● **EXERCISE DETAILS**
Using the material that follows, output exactly the lines from the one containing "Apartamento T2 Duplex" through the one containing "Slafkovský zariadil predĺženie, Montreal", with both ends kept.
[Opening GIVEN RECORDS section]
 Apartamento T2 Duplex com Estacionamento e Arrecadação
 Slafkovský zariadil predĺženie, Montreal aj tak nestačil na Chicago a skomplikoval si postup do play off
[Closing GIVEN RECORDS section]
[Opening GIVEN RECORDS section]
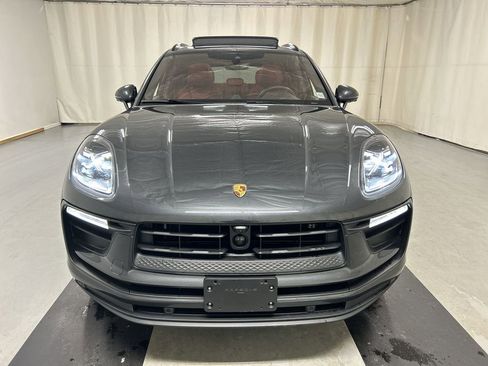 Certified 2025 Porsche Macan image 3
[Closing GIVEN RECORDS section]
● **EXERCISE SOLUTION**
 Apartamento T2 Duplex com Estacionamento e Arrecadação
 Slafkovský zariadil predĺženie, Montreal aj tak nestačil na Chicago a skomplikoval si postup do play off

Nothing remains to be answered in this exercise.